Publication Year: 2026



Description:

Data collected from the experiment of Soczawa-Stronczyk et al. (DOI: 10.1016/j.humov.2019.06.007), consisting of 3D acceleration data from APDM Opal sensors from 9 pedestrians across 44 trials, in which the participants walked in 3-by-3 formation in a straight line. The trial speed was set by a pacer with a metronome, and participant positions were randomised each trial.  Only trials 1-33 (those without the instruction to synchronise) are used in the analysis in the current paper. The random positions and order of the trials are given in a PDF file and code which unshuffles these before analysis is given. In addition, code is provided which extracts the gait cycle (phase) using wavelet transform, and converts this to a series of step/stride intervals. Code is provided that analyses these time series in pairs to identify synchronised runs. The code used in fitting the ARMA model is also provided. The code that uses the model to simulate trials is given, along with the output time series from 100 simulations for various values of coupling constant K(f) and coupling function G. Functions associated with the simulation are given in a subfolder. Code and data used to plot figures is given in a subfolder.



Cite as: 

Curtis et al. (2026) Dataset for 'A data-driven model of pedestrian stepping behaviour including randomness and interpersonal interactions'. University of Leeds. https://doi.org/10.5518/1858



Contact: vdft5519@leeds.ac.uk



2\. TERMS OF USE

\---------------



This dataset is licensed under a Creative Commons Attribution 4.0 International Licence: https://creativecommons.org/licenses/by/4.0/

Copyright 2026 University of Leeds



3\. PROJECT AND FUNDING INFORMATION

\----------------------------------



Title: Examining the dynamic response of bridges to pedestrian crowds



Dates: 2025-28



Funding organisation: School of Civil Engineering, University of Leeds



4\. CONTENTS

\-----------



**IN MAIN FOLDER:**



*MATLAB code files, all .m. Listed approximately in order that the associated analysis appears in the paper:*



Step1\_PreProcessing

chop raw accel signal (lateral and vertical), re-arrange participants so that column i corresponds to position i (i=1:9) and sort tests in order of speed with first 33 being the uninstructed trials.

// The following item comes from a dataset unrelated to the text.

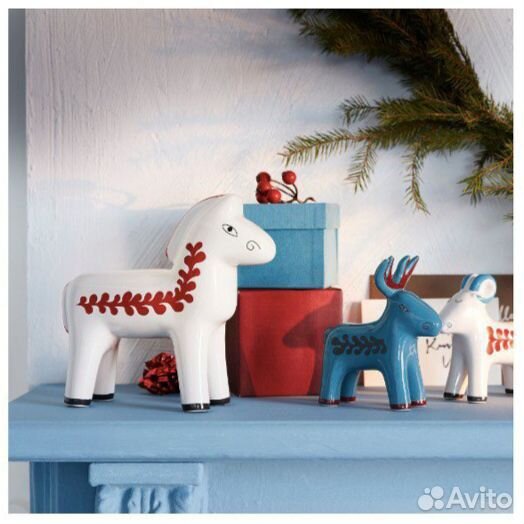 Конь IKEA vinterfint 2022 Декоративная статуэтка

Step2new\_BivariateAnalysis\_lateral, Step2new\_BivariateAnalysis\_vert

cut start and end of (lateral, vertical) signal, wavelet transform signal, identify the frequency with the greatest power in the wavelet transform and extract phase of wavelet transform. calculate phase difference between all 36 pairs in each trial.



SC\_Step\_Times\_model\_fitting

finds position for each subject in each test (used to unshuffle pedestrians for analysis). extracts stride and step interval series from phase. fits ARMA model for lags 0 to 5 to step interval series and calculates residuals, AICc and BIC, performs LBQ test. plots ARMA lags that give the lowest AICc and BIC. extracts fitted coefficients A1,C1, standard deviation from the ARMA(1,1) model. fits probability distributions to these and fits quadratic relationship between speed and standard deviation. averages ratio between coefficients so that the quadratics for each ped (with positive leading coef) only depend on one parameter, p1. fits distribution to p1.



SC\_stepstride\_discrep

calculates time discrepancy between stride times calculated from lateral data and those from summing two consecutive step from vertical data.

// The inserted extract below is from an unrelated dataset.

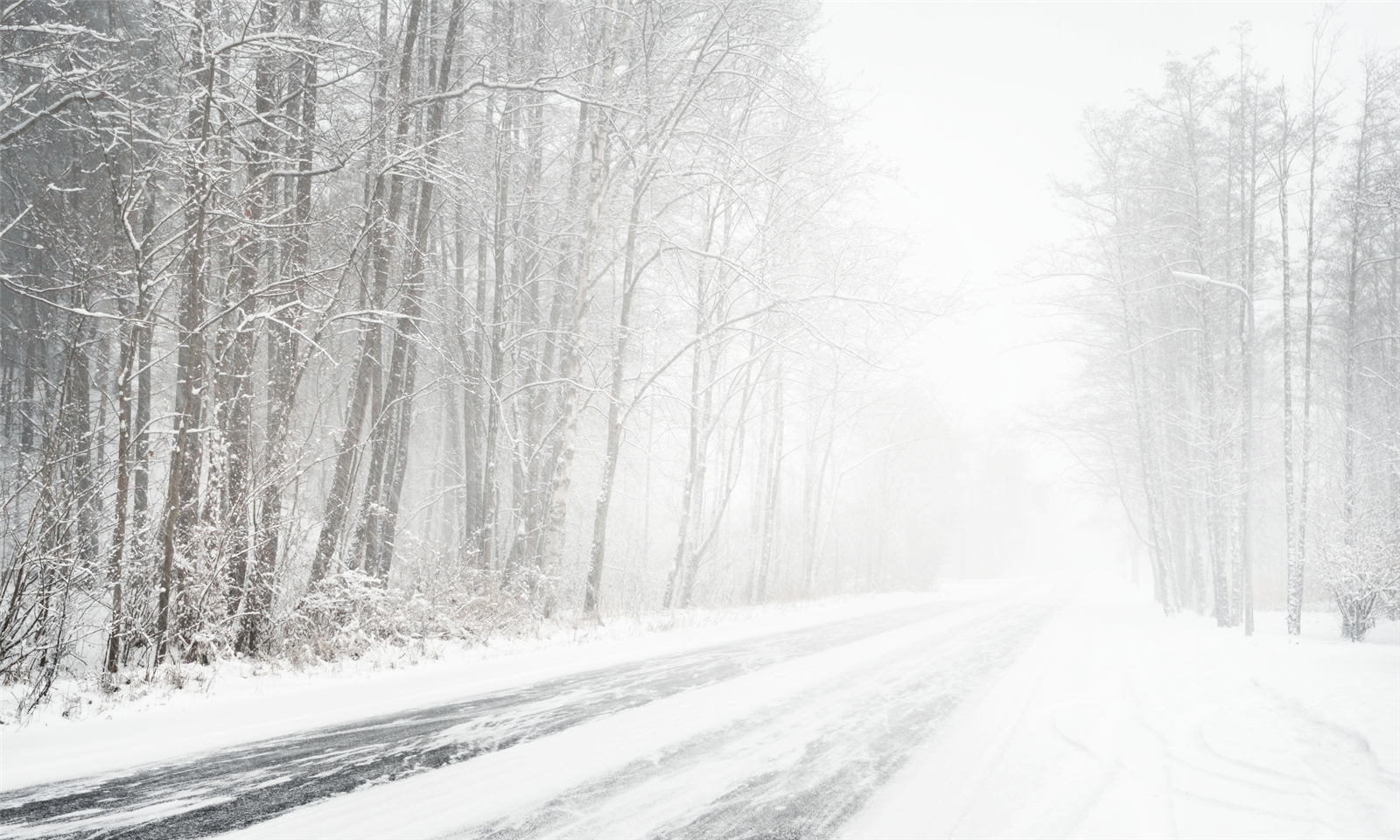 Snowy road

SC\_time\_series\_correlation

calculates measures of self-similarity (DFA exponent, RSR, power spectrum and correlogram slope) from step interval series (not discussed in detail in the paper). calculates ACF, PACF, standard deviation of step interval series and lags taken to fall within 95% confidence bounds for no corr.



SC\_time\_series\_synced\_runs

for each pair of series of step intervals, identifies synced periods based on steps taken close in time. lengths of synced periods, and proportion of synced steps calculated and compared between connections. calculates and plots variance and mean step interval for synced periods and for whole trials.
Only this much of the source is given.